On 15 September, the United States Embassy donated computers, screens and printers to FESPACO worth more than 16 million CFA francs.

On 15 February, 2023, the Burkinabè National Lottery (LONAB) offered 50 million to FESPACO for the organization of the 28th edition.

=== Context ===
Preparations for the 28th FESPACO were marred by security concerns. The organizing committee however assured the attending public that security measures were put in place to ensure a "secure FESPACO". The announcement to maintain the 28th edition on the planned date was made on December 1, 2022, a decision taken by interim President Ibrahim Traoré “who notes significant progress in the preparations”.

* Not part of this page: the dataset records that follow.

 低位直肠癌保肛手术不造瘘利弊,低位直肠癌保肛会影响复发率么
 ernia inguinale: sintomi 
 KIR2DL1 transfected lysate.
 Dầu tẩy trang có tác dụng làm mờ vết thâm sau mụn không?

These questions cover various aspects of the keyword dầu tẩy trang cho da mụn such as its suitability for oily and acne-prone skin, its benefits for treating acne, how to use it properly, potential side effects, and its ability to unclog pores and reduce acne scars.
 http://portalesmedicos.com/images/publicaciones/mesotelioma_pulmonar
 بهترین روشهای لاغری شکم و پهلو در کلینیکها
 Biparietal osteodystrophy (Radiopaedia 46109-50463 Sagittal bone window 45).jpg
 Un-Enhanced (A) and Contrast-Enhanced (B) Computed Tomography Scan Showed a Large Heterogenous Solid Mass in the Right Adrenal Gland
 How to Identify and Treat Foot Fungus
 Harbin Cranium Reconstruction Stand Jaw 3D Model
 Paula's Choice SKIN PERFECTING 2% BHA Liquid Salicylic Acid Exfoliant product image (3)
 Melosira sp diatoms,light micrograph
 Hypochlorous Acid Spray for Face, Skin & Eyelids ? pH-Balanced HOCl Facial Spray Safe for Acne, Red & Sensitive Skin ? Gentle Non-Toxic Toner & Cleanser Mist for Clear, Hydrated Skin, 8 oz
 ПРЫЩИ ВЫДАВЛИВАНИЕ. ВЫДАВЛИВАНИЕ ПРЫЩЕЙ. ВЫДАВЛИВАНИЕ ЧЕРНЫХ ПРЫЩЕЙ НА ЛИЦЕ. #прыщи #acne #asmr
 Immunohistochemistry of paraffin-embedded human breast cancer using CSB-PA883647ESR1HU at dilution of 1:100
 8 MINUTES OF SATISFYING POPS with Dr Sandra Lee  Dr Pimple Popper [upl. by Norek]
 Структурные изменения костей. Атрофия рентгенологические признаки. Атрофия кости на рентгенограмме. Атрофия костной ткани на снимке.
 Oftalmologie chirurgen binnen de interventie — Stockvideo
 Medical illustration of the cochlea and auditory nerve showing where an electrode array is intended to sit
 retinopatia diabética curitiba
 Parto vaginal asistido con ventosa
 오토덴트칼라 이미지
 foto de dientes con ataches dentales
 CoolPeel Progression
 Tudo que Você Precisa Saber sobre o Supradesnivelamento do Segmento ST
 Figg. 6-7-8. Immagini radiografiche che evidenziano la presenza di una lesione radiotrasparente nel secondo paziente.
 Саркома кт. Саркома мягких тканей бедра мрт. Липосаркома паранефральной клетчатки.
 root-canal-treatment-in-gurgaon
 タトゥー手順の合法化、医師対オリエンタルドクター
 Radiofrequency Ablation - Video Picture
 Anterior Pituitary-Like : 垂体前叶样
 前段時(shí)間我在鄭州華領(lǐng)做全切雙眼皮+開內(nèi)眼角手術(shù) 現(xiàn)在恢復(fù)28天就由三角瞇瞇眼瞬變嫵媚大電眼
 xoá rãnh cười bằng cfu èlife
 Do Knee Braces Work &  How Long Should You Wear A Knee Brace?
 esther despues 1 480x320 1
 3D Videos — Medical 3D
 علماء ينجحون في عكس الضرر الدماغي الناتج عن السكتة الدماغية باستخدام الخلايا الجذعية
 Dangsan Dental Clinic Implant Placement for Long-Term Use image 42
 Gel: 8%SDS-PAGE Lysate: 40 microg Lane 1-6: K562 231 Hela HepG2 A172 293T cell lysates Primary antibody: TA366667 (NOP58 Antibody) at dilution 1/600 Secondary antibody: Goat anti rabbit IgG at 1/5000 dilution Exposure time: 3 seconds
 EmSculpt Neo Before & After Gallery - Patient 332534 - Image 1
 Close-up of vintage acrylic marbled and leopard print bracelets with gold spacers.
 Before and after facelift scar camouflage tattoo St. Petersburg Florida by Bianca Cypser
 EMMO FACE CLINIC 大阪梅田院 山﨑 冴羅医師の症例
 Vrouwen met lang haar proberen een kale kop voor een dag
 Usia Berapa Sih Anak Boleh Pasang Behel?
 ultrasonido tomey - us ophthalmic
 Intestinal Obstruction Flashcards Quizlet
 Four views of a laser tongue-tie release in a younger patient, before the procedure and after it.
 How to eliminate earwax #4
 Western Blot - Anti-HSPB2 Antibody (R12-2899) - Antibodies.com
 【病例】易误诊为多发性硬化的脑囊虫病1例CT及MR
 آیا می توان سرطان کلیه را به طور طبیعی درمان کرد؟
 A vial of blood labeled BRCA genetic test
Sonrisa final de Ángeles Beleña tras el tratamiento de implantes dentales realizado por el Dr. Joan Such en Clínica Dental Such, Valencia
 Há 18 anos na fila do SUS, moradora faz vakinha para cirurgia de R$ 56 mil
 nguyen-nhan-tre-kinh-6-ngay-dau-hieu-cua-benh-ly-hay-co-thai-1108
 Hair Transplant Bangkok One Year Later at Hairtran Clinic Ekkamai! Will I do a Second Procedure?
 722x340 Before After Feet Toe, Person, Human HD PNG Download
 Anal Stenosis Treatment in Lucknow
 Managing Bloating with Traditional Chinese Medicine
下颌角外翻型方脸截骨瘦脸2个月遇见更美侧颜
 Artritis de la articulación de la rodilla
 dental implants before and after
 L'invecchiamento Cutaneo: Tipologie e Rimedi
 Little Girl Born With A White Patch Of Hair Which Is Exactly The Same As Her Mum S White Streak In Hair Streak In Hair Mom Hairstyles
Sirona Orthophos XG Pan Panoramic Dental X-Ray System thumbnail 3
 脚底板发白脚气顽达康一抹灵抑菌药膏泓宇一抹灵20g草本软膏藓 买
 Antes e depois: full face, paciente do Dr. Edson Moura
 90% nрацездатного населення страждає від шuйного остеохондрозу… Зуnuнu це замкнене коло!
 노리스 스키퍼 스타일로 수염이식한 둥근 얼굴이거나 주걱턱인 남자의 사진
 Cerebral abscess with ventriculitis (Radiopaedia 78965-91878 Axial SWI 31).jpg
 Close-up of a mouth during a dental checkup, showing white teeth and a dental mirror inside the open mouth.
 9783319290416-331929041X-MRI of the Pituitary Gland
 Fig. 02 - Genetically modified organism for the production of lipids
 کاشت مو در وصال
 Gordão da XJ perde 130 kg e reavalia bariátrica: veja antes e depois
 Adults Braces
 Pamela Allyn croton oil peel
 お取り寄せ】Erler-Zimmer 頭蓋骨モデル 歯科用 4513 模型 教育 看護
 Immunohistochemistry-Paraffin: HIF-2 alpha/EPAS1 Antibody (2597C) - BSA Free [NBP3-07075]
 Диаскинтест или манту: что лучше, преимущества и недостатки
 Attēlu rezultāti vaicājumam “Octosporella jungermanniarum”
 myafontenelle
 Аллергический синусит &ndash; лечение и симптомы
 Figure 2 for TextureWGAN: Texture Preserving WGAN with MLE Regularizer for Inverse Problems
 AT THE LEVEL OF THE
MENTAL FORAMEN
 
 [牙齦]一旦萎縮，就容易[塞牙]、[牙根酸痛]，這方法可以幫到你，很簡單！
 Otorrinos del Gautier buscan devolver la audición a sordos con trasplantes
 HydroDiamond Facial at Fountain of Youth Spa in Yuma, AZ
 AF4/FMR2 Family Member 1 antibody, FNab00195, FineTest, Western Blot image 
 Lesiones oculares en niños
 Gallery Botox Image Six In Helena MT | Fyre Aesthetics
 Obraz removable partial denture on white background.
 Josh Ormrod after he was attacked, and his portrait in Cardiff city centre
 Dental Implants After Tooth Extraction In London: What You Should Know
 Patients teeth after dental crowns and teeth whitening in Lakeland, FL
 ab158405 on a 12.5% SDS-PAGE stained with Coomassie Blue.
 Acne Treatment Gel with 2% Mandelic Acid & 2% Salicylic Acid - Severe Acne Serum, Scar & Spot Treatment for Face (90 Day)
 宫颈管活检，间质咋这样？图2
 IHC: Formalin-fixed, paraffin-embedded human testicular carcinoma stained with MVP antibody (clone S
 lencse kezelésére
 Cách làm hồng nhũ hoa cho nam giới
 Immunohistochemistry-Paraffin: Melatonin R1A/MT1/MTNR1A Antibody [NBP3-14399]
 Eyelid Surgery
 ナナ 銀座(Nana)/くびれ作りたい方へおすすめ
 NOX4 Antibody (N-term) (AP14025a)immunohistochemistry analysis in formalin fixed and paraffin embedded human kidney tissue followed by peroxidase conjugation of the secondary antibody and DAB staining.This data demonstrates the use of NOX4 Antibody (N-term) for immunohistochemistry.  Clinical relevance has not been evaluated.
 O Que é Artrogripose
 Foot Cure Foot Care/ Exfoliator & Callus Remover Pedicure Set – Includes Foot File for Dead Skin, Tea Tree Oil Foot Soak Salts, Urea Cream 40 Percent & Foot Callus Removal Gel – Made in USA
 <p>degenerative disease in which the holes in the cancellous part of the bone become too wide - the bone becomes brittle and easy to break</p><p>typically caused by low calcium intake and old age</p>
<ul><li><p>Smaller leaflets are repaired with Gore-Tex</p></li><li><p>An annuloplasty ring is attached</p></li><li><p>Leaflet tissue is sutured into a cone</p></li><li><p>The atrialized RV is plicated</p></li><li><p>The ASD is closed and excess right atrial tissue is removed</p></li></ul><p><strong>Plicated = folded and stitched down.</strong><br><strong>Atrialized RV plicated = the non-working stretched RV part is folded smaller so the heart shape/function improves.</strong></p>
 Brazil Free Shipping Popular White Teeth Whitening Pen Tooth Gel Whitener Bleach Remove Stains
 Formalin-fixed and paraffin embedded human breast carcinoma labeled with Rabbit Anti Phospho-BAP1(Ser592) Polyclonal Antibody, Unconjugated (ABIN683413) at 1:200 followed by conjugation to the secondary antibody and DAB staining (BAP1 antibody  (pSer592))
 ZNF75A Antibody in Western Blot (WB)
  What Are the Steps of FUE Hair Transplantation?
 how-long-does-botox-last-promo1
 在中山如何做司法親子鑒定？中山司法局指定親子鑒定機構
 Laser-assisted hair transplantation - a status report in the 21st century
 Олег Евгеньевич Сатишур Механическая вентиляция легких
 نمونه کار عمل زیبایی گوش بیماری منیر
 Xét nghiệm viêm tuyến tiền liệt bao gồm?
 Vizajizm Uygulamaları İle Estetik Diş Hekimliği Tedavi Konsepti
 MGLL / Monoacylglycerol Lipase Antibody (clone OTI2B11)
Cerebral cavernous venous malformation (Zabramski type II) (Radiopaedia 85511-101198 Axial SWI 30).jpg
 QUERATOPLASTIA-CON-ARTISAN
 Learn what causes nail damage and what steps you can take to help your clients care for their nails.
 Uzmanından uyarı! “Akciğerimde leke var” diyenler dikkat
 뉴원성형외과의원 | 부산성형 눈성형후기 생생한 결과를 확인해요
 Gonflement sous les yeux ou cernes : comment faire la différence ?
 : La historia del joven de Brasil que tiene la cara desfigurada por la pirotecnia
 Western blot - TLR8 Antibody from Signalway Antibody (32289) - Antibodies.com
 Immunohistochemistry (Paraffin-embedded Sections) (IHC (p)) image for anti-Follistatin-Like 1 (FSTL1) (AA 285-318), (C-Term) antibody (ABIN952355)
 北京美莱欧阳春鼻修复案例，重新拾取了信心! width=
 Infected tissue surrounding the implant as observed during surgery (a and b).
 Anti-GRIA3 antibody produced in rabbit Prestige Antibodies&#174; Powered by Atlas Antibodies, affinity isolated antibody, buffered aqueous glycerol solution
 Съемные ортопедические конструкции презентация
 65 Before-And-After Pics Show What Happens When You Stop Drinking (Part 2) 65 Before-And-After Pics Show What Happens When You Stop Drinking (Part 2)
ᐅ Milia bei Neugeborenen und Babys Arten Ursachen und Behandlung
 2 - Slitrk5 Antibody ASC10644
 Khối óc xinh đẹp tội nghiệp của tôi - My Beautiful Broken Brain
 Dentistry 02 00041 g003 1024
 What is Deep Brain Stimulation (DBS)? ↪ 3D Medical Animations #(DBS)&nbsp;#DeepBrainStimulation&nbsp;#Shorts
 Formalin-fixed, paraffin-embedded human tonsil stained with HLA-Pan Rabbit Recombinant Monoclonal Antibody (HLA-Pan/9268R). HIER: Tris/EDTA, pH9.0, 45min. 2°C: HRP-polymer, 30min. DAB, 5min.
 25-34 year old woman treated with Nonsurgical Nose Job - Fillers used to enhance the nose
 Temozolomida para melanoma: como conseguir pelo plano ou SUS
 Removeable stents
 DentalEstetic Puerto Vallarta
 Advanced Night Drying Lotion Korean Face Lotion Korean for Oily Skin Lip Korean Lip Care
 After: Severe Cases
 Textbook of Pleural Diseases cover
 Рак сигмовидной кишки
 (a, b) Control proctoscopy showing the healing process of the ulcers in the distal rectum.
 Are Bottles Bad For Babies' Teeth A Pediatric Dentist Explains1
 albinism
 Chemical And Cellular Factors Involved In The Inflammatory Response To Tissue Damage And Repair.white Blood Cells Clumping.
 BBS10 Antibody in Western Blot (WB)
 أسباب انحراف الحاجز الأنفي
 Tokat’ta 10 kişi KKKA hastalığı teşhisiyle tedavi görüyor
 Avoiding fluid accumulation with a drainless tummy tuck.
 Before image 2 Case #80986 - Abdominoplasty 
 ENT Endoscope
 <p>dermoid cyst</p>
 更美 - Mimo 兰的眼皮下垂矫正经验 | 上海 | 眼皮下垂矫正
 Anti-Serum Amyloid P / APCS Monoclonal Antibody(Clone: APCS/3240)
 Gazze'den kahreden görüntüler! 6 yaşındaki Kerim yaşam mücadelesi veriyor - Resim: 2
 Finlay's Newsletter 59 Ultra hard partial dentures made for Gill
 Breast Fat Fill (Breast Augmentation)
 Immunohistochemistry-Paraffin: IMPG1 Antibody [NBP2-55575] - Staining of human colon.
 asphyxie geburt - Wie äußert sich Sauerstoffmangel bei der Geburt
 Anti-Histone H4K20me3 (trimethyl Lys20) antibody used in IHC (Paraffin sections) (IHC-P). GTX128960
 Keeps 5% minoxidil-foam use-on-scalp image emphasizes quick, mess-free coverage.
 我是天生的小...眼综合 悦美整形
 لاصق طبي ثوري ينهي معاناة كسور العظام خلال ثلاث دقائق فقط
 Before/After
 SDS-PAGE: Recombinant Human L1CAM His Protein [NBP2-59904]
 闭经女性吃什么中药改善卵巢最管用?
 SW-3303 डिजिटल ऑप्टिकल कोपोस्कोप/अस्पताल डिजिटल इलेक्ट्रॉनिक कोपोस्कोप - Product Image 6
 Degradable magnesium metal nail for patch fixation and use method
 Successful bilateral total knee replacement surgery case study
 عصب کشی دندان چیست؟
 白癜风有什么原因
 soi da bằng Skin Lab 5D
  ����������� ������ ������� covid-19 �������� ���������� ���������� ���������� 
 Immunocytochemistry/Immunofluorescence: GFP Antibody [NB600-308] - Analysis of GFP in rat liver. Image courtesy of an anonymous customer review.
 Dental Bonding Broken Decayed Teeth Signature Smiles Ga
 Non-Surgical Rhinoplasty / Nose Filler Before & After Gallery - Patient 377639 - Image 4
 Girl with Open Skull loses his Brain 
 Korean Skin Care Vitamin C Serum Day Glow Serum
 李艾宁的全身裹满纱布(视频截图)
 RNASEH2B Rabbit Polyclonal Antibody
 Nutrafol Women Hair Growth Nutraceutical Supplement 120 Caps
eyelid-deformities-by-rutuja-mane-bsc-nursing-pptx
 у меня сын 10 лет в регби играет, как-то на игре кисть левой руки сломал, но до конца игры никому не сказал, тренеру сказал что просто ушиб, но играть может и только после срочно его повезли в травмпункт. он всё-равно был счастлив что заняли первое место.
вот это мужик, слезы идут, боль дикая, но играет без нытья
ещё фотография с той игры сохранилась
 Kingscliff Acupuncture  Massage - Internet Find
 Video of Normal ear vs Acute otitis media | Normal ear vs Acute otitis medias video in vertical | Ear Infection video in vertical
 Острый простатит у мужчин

=== The Official Poster ===
This poster designed by El Marto represents the legendary figure of Sarraounia to illustrate the theme “African Cinema and Culture of Peace”. Sarraounia means queen in Hausa. This name was given to an Amazon, political and religious leader of the village of Lougou in Niger, who opposed the Voulet-Chanoine mission. She is the subject of the 1986 film Sarraounia based on the novel of the same name by Nigerien writer Abdoulaye Mamani. The film won the Étalon de Yennenga in 1987.

According to the FESPACO communication, the poster is “a symbol of African pride, resistance, and resilience” which “emphasizes a fighter with her warrior attributes at a time when we must highlight the Forces of Defense and Security and the Volunteers for the Defense of the Fatherland, to salute their sacrifice, their courage and their patriotic commitment”.

=== Opening ceremony ===
The opening ceremony took place on Saturday February 25 at the Palais des Sports de Ouaga 2000 with the show I have a dream by choreographer Serge Aimé Coulibaly. The Burkinabe prime minister, Apollinaire Joachim Kyélem de Tambèla and the Malian prime minister, Choguel Kokalla Maïga jointly gave the traditional opening clap.

During the professional opening in the evening, the film Bravo, Burkina! by Nigerian director and designer Walé Oyéjidé was screened, whose goal was to remind viewers of the size and interconnectedness of the world.

=== Highlights ===
Two new statues were inaugurated on avenue Monseigneur Thévenoud from the filmmakers' square in front of the central town hall depicting the Malian filmmaker Cheick Oumar Sissoko  and the Nigerien filmmaker Oumarou Ganda.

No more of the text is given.